▸ Work to complete: Locate "Embroidered Zodiac Cat" in the records below, then copy its line and every following line exactly, without the pictures.

------ Supplied records

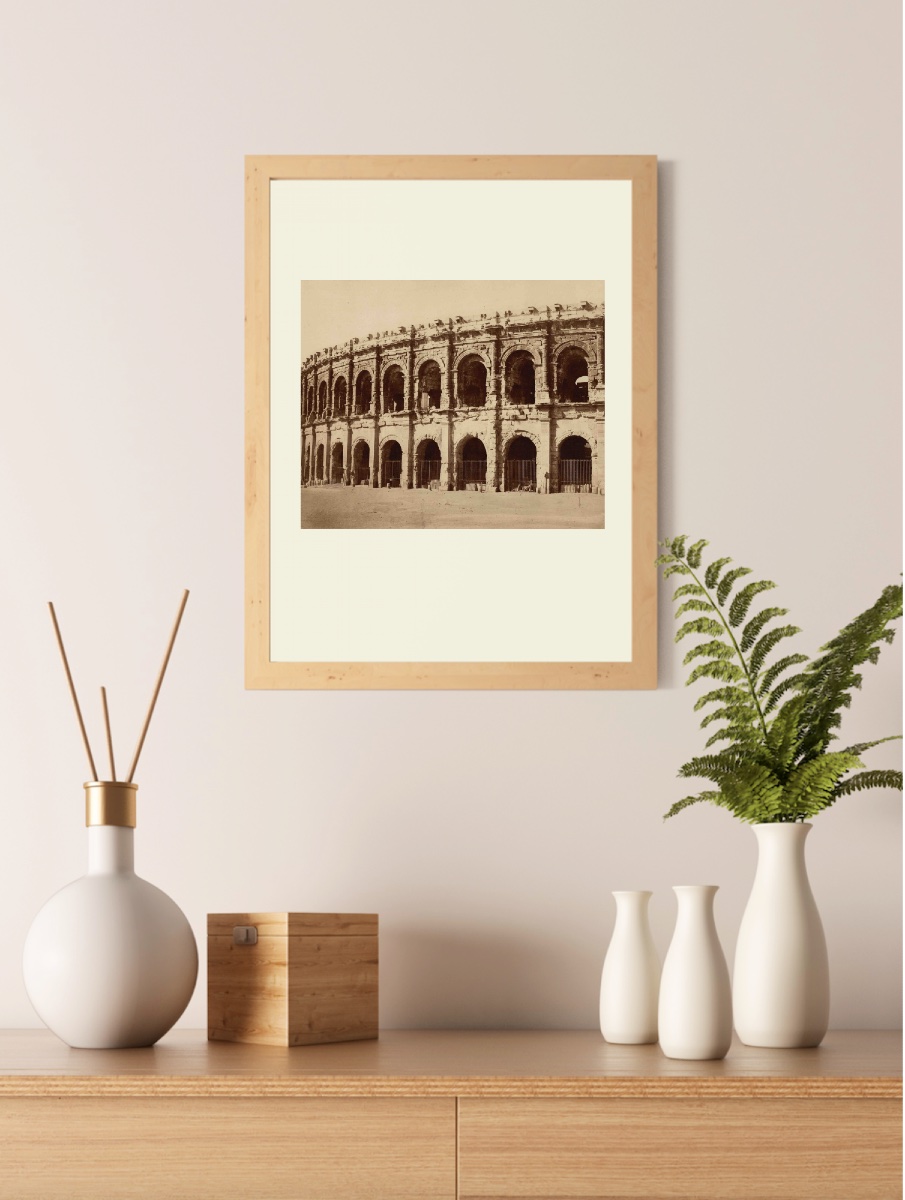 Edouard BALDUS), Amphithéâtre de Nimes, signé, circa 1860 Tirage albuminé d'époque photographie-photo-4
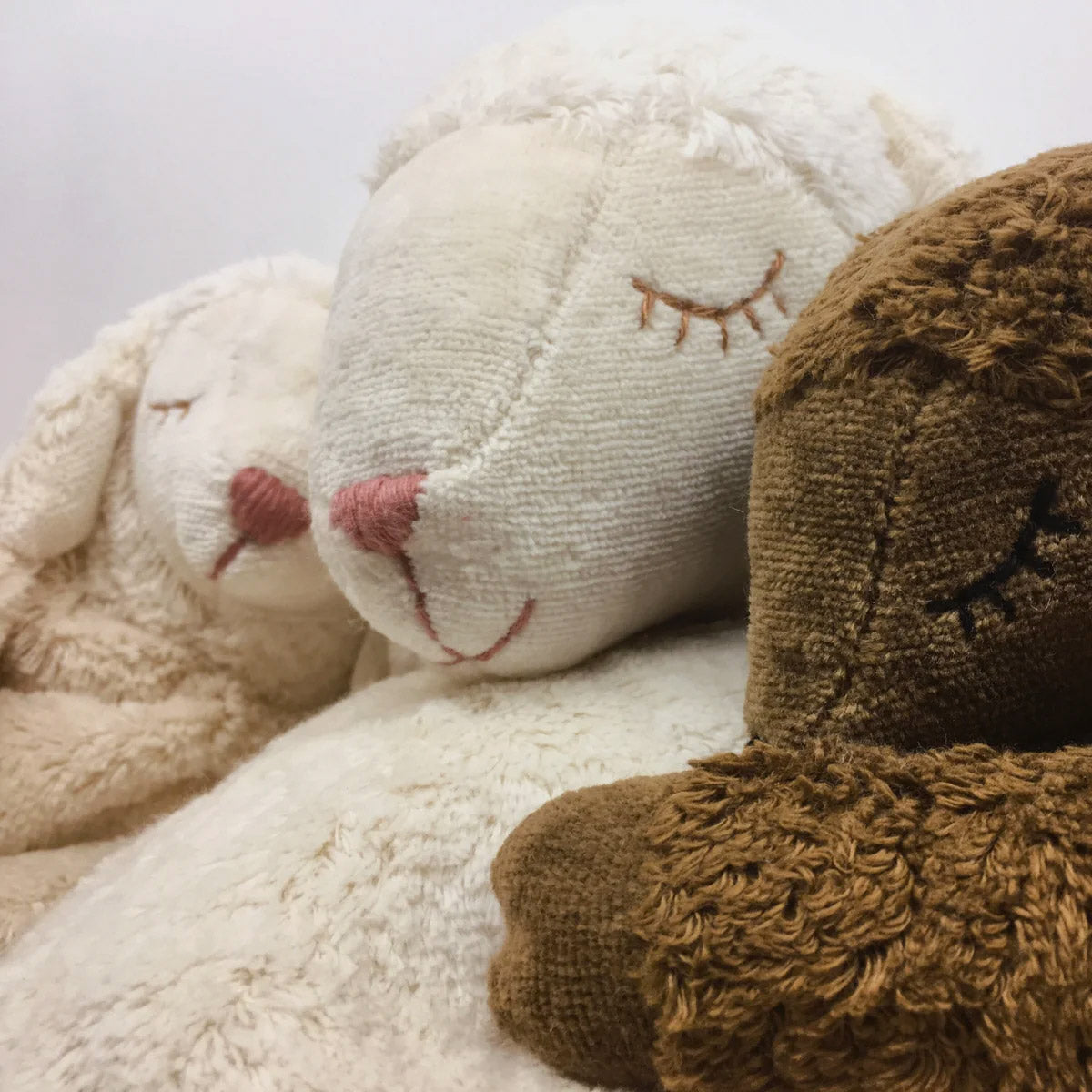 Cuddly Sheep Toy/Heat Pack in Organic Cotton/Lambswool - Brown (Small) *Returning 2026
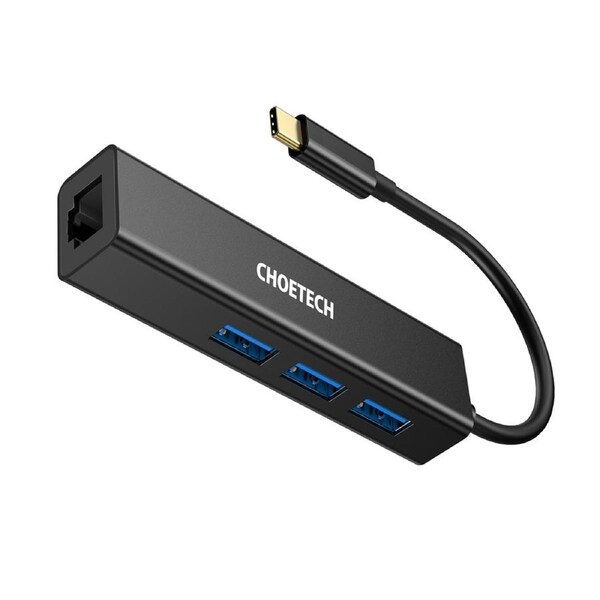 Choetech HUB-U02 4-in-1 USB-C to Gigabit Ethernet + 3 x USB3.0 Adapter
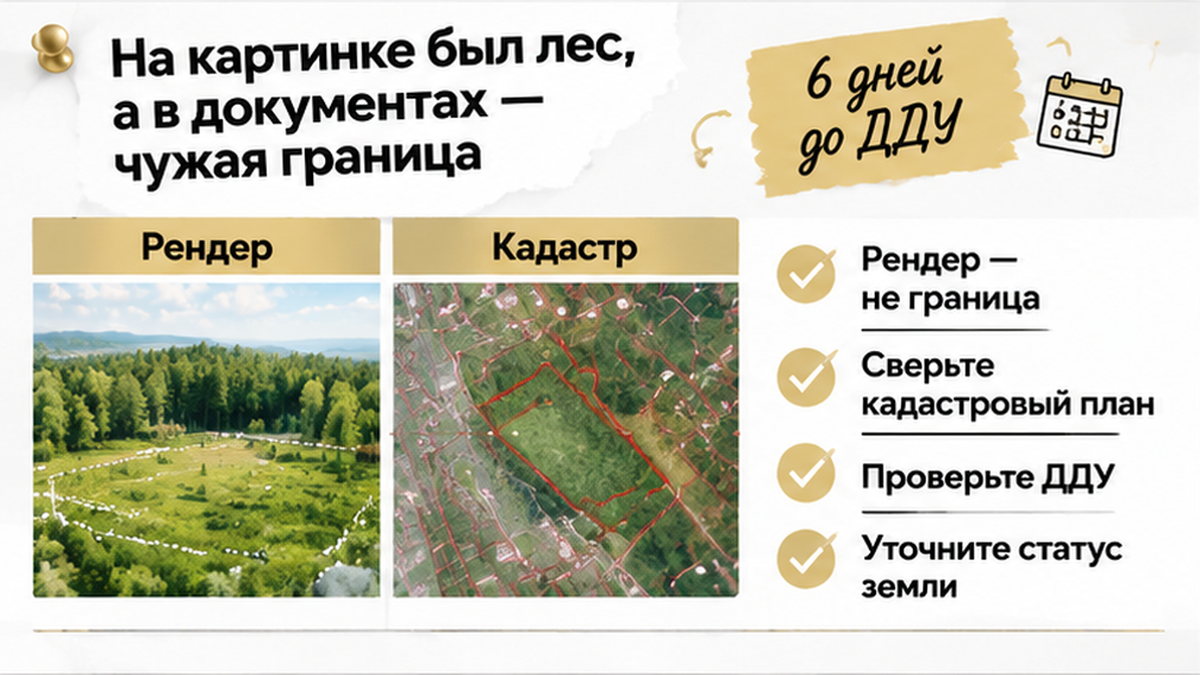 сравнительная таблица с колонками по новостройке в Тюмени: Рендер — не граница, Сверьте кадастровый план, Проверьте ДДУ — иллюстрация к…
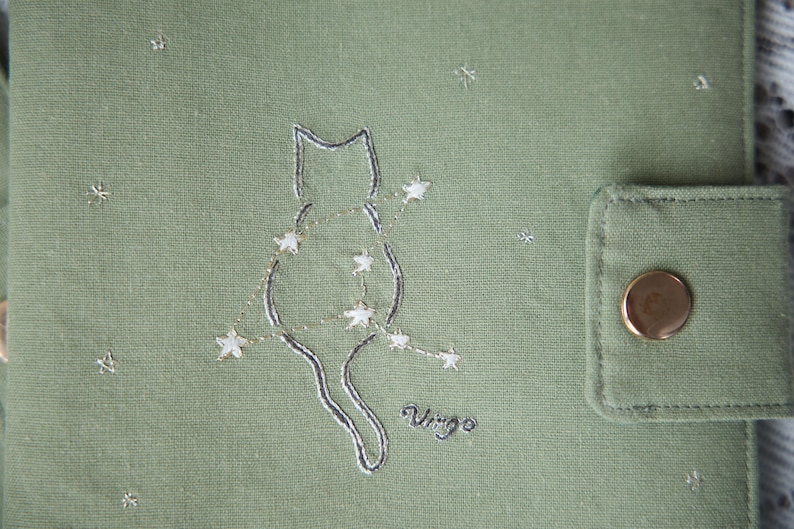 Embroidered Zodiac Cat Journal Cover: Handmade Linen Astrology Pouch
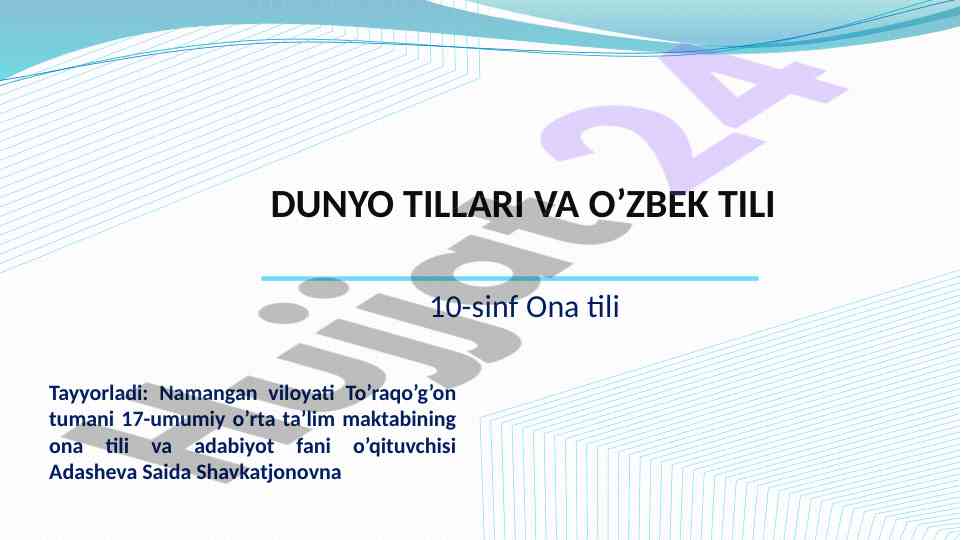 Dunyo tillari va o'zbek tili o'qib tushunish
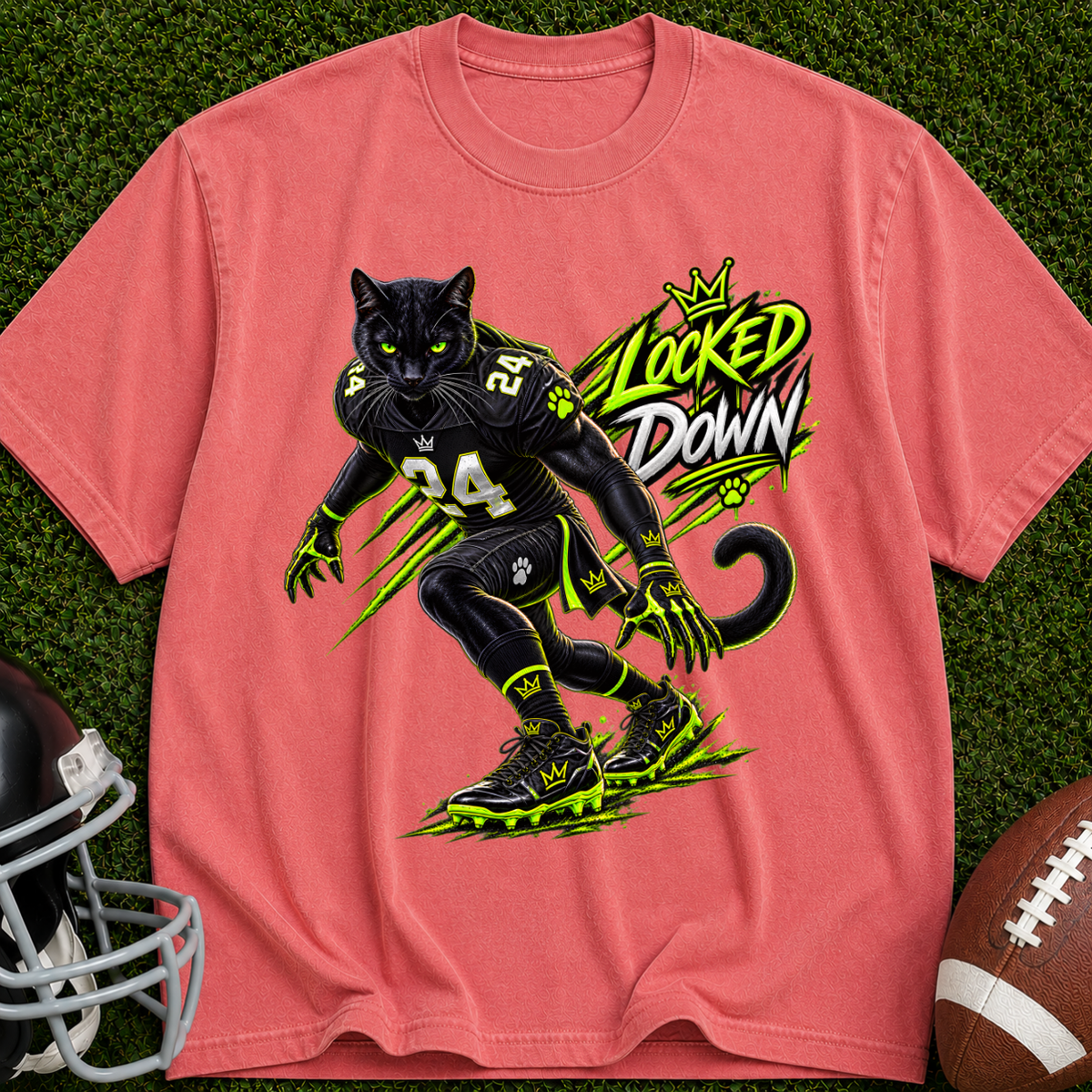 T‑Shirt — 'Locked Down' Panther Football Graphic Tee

------------

▸ Exercise output:
 Embroidered Zodiac Cat Journal Cover: Handmade Linen Astrology Pouch
 Dunyo tillari va o'zbek tili o'qib tushunish
 T‑Shirt — 'Locked Down' Panther Football Graphic Tee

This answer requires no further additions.